A Collective Bargaining Agreement (CBA) between a multinational company and its collective bargaining agent, representing the company’s rank-and-file employees in Manila and Antipolo, expired in June 1998. The company and unions completed renegotiations of their CBA on 26 December 1998. Both parties signed a Memorandum of Agreement (MOA), providing for salary increase as well as the “regularization of contractual, casual, and/or agency workers who have been working with [the company]for more than one year.” The MOA was incorporated to form part of the 1998-2001 CBA and was ratified by the employees of the company.

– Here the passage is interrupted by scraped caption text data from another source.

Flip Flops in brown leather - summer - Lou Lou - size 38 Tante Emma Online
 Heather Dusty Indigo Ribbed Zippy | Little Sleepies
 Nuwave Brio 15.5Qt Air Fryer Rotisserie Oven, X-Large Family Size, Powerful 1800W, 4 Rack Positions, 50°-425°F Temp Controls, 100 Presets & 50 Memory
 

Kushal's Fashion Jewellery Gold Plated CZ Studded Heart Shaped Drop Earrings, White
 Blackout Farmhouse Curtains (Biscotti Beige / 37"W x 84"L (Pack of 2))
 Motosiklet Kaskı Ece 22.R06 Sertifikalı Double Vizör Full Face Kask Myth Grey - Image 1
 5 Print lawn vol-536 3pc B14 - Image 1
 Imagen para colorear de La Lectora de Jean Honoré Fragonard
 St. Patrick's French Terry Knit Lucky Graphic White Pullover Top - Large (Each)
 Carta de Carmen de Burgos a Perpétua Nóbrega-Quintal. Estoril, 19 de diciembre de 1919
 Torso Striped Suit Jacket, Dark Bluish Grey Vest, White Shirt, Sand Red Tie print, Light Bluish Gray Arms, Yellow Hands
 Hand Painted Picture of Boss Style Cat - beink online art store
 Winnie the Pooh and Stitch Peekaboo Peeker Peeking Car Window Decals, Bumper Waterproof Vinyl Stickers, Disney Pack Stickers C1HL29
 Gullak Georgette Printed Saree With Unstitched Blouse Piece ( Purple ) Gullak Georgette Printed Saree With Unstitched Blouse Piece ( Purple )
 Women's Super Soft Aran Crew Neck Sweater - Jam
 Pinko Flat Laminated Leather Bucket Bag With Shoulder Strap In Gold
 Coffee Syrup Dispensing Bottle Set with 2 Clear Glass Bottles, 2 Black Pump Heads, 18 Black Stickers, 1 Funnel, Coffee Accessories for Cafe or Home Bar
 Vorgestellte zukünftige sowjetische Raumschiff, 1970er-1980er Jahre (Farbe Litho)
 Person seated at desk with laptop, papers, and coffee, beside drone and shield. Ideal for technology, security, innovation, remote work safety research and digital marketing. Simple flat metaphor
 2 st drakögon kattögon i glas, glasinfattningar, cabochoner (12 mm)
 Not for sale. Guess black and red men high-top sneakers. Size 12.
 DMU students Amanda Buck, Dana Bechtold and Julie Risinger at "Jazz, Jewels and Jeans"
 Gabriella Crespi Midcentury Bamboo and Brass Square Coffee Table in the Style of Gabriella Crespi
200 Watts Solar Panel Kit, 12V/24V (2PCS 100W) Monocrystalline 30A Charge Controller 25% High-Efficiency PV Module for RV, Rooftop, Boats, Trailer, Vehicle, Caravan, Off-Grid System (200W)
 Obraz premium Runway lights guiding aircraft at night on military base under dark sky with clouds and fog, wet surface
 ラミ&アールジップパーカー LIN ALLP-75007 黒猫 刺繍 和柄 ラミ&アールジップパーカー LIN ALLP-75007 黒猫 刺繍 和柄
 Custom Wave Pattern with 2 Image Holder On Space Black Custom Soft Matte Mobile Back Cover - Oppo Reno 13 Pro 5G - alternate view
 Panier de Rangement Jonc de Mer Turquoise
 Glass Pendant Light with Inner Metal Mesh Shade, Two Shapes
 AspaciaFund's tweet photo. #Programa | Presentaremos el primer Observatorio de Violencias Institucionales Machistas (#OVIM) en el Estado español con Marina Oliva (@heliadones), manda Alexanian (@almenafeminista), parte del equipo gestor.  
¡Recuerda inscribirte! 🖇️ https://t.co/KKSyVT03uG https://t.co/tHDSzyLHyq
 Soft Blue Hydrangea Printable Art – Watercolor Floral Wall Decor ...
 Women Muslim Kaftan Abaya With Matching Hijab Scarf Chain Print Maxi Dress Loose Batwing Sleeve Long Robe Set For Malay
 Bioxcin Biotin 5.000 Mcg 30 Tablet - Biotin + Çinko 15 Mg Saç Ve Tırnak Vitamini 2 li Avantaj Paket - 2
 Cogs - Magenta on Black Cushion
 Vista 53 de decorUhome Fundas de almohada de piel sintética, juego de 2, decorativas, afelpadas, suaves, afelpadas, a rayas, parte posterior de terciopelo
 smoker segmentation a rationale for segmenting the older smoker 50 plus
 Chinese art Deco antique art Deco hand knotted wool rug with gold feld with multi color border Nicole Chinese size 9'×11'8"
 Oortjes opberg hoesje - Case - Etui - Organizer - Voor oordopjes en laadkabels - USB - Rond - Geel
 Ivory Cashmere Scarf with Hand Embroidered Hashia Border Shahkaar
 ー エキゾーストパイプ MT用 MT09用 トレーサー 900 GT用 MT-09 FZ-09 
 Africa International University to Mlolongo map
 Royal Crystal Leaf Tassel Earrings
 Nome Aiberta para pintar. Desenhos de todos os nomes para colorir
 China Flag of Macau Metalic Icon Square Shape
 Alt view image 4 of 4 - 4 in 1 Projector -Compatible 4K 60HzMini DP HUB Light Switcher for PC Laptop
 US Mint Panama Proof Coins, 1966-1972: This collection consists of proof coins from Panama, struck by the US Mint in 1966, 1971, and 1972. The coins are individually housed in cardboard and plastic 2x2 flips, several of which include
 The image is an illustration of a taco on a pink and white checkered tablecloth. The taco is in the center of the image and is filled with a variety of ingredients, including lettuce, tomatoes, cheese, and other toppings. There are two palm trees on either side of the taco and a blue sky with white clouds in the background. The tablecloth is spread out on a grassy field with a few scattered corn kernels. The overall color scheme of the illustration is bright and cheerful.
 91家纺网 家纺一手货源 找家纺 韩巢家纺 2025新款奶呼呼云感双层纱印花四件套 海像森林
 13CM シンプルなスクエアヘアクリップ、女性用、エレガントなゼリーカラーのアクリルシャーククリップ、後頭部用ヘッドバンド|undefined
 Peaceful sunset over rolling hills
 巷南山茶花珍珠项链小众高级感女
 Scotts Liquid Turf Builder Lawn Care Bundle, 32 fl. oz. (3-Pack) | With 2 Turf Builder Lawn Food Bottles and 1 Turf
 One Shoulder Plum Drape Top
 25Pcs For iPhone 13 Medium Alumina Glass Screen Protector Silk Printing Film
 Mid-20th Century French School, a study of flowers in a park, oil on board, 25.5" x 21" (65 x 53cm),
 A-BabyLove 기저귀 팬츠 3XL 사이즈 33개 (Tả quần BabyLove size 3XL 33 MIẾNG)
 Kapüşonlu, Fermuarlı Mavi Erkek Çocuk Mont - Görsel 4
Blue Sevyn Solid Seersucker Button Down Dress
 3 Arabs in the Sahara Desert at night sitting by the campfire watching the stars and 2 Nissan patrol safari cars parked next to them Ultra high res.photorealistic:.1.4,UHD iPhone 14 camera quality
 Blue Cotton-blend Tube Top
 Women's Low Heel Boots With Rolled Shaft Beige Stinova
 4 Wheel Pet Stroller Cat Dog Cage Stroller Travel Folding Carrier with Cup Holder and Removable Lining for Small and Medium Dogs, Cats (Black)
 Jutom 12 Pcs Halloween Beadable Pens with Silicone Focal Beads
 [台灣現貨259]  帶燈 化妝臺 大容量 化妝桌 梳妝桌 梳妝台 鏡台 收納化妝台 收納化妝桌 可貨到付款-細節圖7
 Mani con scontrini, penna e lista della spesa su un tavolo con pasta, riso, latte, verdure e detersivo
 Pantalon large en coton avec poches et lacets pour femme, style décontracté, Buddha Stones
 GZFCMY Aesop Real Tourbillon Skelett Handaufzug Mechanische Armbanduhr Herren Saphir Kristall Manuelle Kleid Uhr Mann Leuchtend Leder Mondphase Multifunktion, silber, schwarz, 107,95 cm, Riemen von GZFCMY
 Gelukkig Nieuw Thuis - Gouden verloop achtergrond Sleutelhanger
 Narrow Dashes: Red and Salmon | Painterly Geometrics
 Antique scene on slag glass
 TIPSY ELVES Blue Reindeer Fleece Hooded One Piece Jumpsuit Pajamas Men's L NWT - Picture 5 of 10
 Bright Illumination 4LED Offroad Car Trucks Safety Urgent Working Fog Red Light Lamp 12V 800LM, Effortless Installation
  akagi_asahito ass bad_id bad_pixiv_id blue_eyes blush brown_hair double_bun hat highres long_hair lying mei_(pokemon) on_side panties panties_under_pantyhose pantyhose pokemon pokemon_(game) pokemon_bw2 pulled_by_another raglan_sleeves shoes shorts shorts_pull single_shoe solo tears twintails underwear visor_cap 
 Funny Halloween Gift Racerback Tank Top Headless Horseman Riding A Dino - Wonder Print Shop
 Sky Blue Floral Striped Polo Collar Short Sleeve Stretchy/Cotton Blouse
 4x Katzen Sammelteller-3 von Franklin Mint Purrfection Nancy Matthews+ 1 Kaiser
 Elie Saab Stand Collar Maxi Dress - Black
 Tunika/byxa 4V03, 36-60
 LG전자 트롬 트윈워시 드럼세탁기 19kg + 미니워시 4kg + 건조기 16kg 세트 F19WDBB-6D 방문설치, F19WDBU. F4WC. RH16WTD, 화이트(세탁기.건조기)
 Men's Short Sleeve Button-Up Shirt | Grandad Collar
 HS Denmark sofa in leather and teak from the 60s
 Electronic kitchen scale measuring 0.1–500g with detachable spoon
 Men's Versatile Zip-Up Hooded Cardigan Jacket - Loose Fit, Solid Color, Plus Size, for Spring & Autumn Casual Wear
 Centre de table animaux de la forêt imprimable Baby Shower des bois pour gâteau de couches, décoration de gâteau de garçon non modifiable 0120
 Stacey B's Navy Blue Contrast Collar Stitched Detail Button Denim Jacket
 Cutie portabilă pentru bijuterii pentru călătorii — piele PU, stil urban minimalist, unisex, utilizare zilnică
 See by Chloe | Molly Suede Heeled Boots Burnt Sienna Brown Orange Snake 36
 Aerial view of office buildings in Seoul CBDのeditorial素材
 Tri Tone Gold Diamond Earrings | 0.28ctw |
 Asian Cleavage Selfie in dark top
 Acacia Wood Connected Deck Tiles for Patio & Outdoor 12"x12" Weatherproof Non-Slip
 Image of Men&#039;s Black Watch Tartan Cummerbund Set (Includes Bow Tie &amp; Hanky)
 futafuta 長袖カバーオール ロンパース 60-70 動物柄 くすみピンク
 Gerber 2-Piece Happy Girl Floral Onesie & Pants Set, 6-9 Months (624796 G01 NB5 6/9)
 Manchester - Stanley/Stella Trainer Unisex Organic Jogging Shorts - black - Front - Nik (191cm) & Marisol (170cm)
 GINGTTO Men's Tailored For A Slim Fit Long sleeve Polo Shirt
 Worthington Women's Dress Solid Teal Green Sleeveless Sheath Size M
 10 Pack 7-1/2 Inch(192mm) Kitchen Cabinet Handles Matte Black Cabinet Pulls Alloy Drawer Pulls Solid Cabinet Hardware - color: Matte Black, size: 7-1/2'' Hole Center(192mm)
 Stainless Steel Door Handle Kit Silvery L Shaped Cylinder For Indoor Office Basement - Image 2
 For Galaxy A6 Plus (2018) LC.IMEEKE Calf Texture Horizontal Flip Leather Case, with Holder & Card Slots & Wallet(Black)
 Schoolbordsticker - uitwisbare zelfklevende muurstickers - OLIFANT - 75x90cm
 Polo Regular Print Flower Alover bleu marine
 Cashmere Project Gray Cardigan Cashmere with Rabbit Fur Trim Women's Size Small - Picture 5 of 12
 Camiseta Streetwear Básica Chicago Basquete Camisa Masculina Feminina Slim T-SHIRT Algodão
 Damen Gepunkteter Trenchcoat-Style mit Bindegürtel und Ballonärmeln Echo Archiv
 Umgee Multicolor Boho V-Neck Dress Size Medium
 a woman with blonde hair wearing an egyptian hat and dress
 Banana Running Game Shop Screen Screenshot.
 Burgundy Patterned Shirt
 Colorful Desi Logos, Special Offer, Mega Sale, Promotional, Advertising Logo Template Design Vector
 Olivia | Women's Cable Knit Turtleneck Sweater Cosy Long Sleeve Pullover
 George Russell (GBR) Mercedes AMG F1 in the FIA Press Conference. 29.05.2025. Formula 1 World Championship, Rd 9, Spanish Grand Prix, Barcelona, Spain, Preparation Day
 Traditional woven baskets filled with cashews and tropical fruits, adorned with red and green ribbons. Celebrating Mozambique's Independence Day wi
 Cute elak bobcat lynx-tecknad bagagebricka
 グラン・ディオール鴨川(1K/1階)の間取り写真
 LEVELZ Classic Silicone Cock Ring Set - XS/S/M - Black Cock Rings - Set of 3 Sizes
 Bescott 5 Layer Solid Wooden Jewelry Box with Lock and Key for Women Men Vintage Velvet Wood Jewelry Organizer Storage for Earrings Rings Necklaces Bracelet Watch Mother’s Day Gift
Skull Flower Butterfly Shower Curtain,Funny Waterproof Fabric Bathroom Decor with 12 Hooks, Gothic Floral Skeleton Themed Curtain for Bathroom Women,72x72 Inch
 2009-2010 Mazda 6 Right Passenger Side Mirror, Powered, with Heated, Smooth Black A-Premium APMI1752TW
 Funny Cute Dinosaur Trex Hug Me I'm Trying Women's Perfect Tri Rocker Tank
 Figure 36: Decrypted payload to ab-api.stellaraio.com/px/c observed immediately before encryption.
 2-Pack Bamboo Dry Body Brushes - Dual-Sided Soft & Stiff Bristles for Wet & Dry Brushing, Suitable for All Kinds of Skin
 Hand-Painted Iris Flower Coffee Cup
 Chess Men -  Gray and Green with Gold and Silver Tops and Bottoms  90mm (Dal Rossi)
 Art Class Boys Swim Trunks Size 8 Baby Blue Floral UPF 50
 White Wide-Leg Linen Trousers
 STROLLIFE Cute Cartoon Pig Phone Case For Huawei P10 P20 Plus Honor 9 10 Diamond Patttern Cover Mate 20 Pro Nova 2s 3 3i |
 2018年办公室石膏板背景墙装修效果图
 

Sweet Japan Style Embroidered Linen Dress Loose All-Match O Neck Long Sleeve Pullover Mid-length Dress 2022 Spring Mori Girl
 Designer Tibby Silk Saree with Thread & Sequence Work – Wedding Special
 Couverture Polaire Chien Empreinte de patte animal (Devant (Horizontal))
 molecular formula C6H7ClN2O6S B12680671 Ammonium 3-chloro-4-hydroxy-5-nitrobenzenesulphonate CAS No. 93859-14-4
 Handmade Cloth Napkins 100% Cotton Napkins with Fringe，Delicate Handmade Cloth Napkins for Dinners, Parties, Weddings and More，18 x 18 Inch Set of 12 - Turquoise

Pursuant to the MOA, 61 casual, contractual, or agency employees were regularized and filled up vacant positions.
The newly regularized employees proceeded to demand that their salaries and other benefits retroact to 1 December 1998 in accordance with the MOA. Unfortunately, the company refused their demands on account that the date of effectivity of their regularization was in fact 1 May 1999. The employees then filed a complaint with the National Labor Relations Commission (NLRC) for violations of the MOA.
The NLRC dismissed the complaint, ruling that “under the MOA dated 26 December 1998, the 61 regularized employees are not entitled to their claims for the P60 per day salary increase, mid-year gratuity pay of P5,000 one sack of rice, and overtime and thirteenth month differentials effective December 1, 1998 onward.” Thus, the regularized employees were not entitled to a retroactive application of the MOA and could not receive the benefits amounting to P35,000 The Court of Appeals (CA) affirmed the NLRC.
On appeal, the Supreme Court (SC) overturned the NLRC and CA. In fact, it ruled that the regularized employee’s were entitled to all the benefits granted to the regular employees since pertinent provisions of the MOA provided that a “non-regular employee (casual, contractual or agency worker) who has already served the company . . . for at least one (1) year shall be given priority in filling-up the (vacant) positions by converting his non-regular employment status to regular employment status, effective 1 December 1998.”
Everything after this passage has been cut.